An Islamic business manual of the eleventh century states a truth on which modern economists agree: for success in long-distance trade, one needs agents. And more than almost anything else, the approximately 1500 commercial documents we can associate with the merchants of the Cairo Geniza in the period 990-1150—primarily letters, but also contracts, accounts, and other ephemera—show the intensity of agency relations within this group. At the same time, a dominant and perhaps pre-mature urge to make comparisons to European merchants, and a narrow focus in the literature on differences in agency contracts and their governance, threaten to swamp discussion, and in fact obscure much broader opportunities both to examine the Mediterranean Islamic economy, and make careful comparisons between Italian and Islamic medieval merchants. A re-examination of the agency relations used by Cairo Geniza merchants that have been at the heart of recent scholarship and debate shows how previous scholarship has misconstrued or over-simplified both institutional and structural differences in the economic situation of these merchants in comparison to their European counterparts. This becomes clear when we consider not a static contrast of a majority preference in the Geniza documents to an overwhelming pattern in notarial contracts, but instead look at the complex array of options Geniza merchants faced and at their shifting choices in using different forms over the course of the eleventh and early twelfth century.

Koenraad Verboven,
Bankers and other financial intermediaries as information trustees and managers in the Roman world

Deposit banks were a wide-spread institution in the cities of both the Greek and Latin provinces. They catered to the needs of local and long-distance trade. They pooled funds, provided payment and receipt services and extended bank loans. As a rule they did not finance long-distance trade or other high-risk projects, but they did acts as financial brokers—establishing contacts between financiers and traders, drawing up, witnessing and safe-keeping contracts, and arranging actual payments. They were not the only financial specialists to provide such services. Faeneratores (‘lenders at interest’) as well are often attested as middlemen, rather than independent financiers. Less well known professional categories, such as the proxenetae (‘brokers’) and the somewhat mysterious pararii, as well, played a part in laying contacts.
This papers studies the institutional (mainly legal) constraints under which these various categories operated and their impact on long-distance trade.

Yadira Gonzalez de Lara,
The Impact of Formal Monitoring on Financial Development: From Debt to Equity in Late Medieval Venice

In late-medieval Venice the state regulated the ex-ante operation of trading voyages in a manner that facilitated the ex-post verification of merchants' accounts.
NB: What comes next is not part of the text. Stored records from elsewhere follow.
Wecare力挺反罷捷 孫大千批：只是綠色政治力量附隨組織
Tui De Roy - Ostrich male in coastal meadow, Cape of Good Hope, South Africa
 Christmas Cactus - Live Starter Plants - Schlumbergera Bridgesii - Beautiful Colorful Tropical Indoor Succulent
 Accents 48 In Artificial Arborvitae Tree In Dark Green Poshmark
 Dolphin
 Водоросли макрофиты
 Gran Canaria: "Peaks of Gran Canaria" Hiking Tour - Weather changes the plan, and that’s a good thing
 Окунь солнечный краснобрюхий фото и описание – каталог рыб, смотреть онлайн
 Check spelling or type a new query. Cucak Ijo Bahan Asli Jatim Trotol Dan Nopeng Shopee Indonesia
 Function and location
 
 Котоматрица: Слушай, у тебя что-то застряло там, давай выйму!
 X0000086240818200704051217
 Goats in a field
Specifically, colonial governors, convoy admirals, ship scribes, tax collectors and various other officials monitored merchants at all times, thereby generating and transmitting (verifiable) information which investors could present as evidence in support of their claims to the court. Formal monitoring thus enhanced the legal protection of investors from expropriation by controlling merchants and fostered the development of equity markets. The Venetian institutional system thus went far beyond the informal relations of trust that facilitated the transition from the debt-like sea-loan to the equity-like commenda contract in other Mediterranean localities at basically the same time. This paper investigates the distinctive nature of the Venetian institutions, their different efficiency and distribution implications and their evolution over time.